In a sign that it may become increasingly difficult to cross the Mediterranean on boat, a major route of irregular migration to Europe from Africa, Libya’s coast guard intercepted about 1,000 migrants and returned them to Libya within three days in the past week.
From Sunday until Tuesday, a total of 935 migrants who tried to cross the Mediterranean Sea towards Europe from Libya were intercepted by the coast guard and returned to the north African country, according to the International Organization for Migration (IOM).
“Nearly 1,000 migrants have been intercepted and returned to #Libya in the past three days,” Safa Msehli, spokesperson for the UN agency, said on Twitter.
Migrants intercepted and returned to Libya are usually held in detention centres, where, human rights organisations, say the detainees live in appalling conditions and where they suffer abuses.
“Hundreds of mothers, fathers, sons and daughters were brought back into a cycle of exploitation and abuse that they were trying to flee,” Ms Msehli said.
IOM, once again, denounced the longstanding practice of interception and return in light of the documented exploitation that awaits returnees in Libyan custody.
“We reiterate that the system of arbitrary detention must be abolished,” she added.
According to IOM and UNHCR , almost 3,200 migrants are being held in eleven detention centres in Libya.
Since January, according to IOM data, around 10,000 people who tried to flee Libya have been intercepted and returned there by Libyan forces. Among them were 692 women and 556 minors. In comparison, 9,225 people were intercepted and returned in 2019.

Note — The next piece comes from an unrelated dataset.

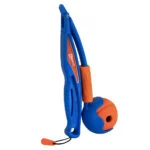Składana wyrzutnia do piłek z gumową piłką, po rozłożeniu 46 cm – Chuckit! Fetch & Fold Launcher Mini - obrazek 2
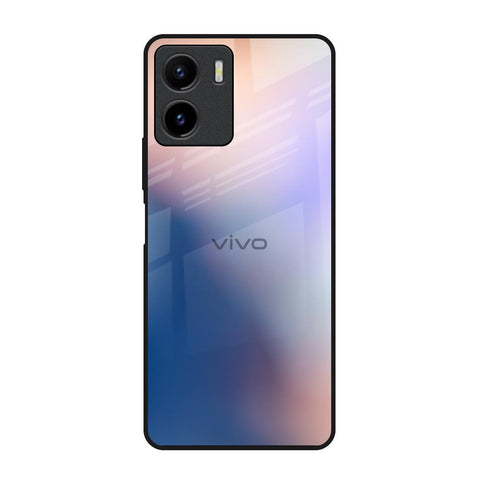 Blue Mauve Gradient Vivo Y15s Glass Back Cover Online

Libya’s coast guard, trained and equipped by the EU, is in charge of the interception and returns. The controversial force, which principally aims to prevent migrants from reaching European soil, is reported to employ former militia members and has a record of abuses including torture.
Recorded deaths on the central Mediterranean route, meanwhile, show a reverse trend: While close to 1,000 migrants perished last year, 573 have succumbed to the same fate so far this year. IOM warns that the real number of fatalities may be much higher.
Libya has been in chaos since the violent overthrow of Muammar Gaddafi by NATO-supported rebels in 2011. For years, human traffickers have taken advantage of the volatile situation, thus turning the country into a key corridor for migrants fleeing war and poverty in a desperate bid to reach Europe.